Postal Service’s Congressional Fans Are Killing It

Top managers at the U.S. Postal Service are desperately trying to save their organization. Members of Congress who argue that the nation cannot persevere without its accustomed mail service seem to be trying just as hard to kill it.

This makes no sense at all, but then, neither does anything Congress has to say about the Postal Service.

Facing increasingly dire straits as costs rise and the volume of mail plummets, the USPS has wanted to cut mail delivery to five days a week for some time. Postmaster General Patrick Donahoe was discussing the move over a year ago. His predecessor, John E. Potter, unsuccessfully asked Congress for authority to do so back in 2009.

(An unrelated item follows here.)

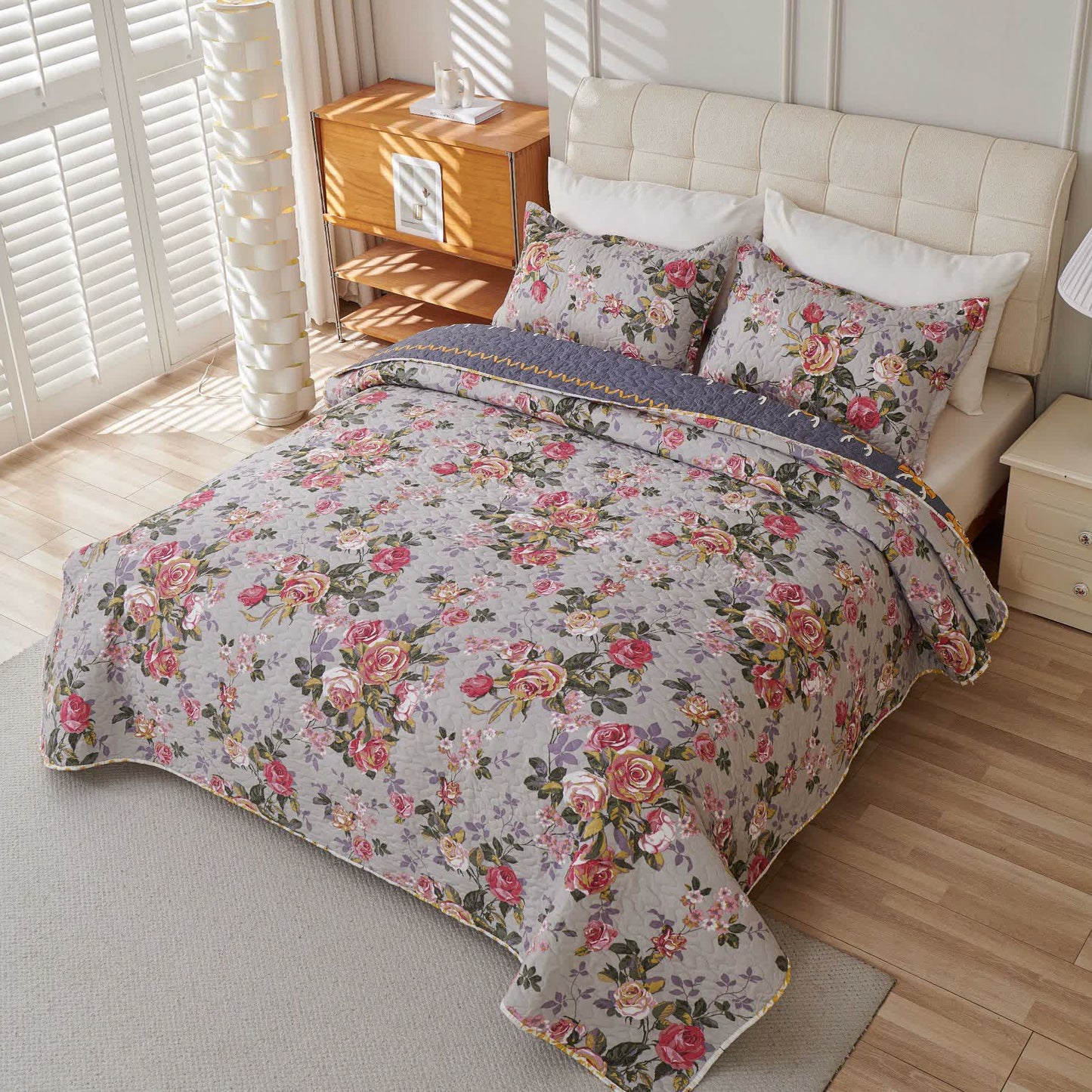 Copriletto retrò con fiori di peonia di lusso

As my colleagues and I have discussed in this space repeatedly over the past few years, the Postal Service faces massive fiscal challenges, fueled by the rise of the Internet, the recent recession, and Congress’ requirement that the agency pre-fund its employees’ substantial pension plans. The service’s 2012 annual report shows net losses of $41 billion over the preceding six years; net losses for fiscal 2012 alone totaled $15.9 billion. First class mail revenue continues to decline (by 3.9 percent last year), despite rising postal rates. Revenue is falling faster than the Postal Service has been able to cut costs. More drastic changes are inevitable.

Last month, the USPS went so far as to announce a firm plan to end Saturday mail delivery in early August, though six-day delivery of packages would remain in place. The American public seems to broadly accept the prospect of reduced mail service, though, as you might predict, the postal unions have led resistance to the idea. The change is expected to save around $2 billion annually if implemented as planned. It won’t solve the organization’s problems, but it is a significant step in the right direction.

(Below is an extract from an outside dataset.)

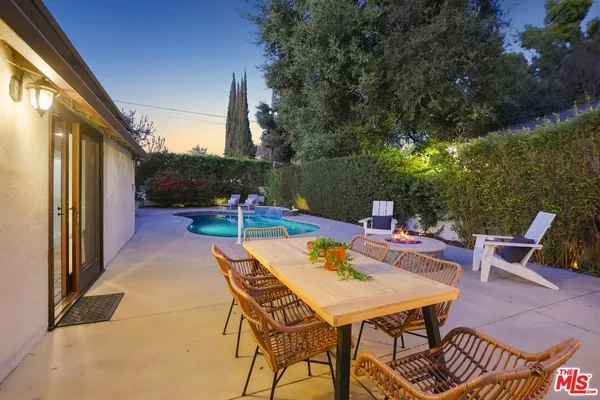 $1,699,000 | 11593 Kling Street, Valley Village, CA 91602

What has followed the announcement is a confusing mess. Congress may, or may not, have ordered the USPS to continue delivering letters on Saturday – letters that virtually nobody needs to receive on that day anymore. Lawmakers asked the Government Accountability Office to review the proposal; the GAO now maintains that the Postal Service is obliged to deliver mail six days a week, and that retaining Saturday package delivery alone would not satisfy this obligation. The House Oversight and Government Committee seems to disagree with this assessment, based on its spokesman’s reaction to a New York Times article. The USPS’ legal position is, for the moment, murky.

The essential issue, however, is clear. Congress should get out of the way and let management do what it can to put the post office on a sustainable footing. Most of the public already recognizes that Saturday delivery of our bills, catalogs, real estate solicitations and birthday cards is unnecessary. And in the tiny fraction of cases where documents must be delivered on a Saturday, mailers can pay a premium for express mail via the Postal Service or for private options like FedEx and UPS.

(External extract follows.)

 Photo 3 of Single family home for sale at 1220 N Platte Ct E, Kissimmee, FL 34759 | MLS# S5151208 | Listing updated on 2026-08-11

The USPS is in desperate financial shape. Already, the Postal Service is consolidating post office locations and shortening window hours. Continuing Saturday delivery would be a waste of time, fuel and, most importantly, money. The Postal Service is supposed to run as if it were a private business, but it cannot do so while lawmakers continue to dictate its budget and operating procedures.

We do not yet know what useful role postal services will have in the remainder of the 21st century, but delivering junk six days a week certainly isn’t going to be it.

If anything speaks to the inability of Congress to make even the most rational decision, it is how it has handled the Postal Service in recent years. Legislators ought to get out of the USPS’ way immediately, before it’s too late. If they don’t, only a very expensive taxpayer bailout will save the Postal Service, which won’t make lawmakers popular with anyone at all.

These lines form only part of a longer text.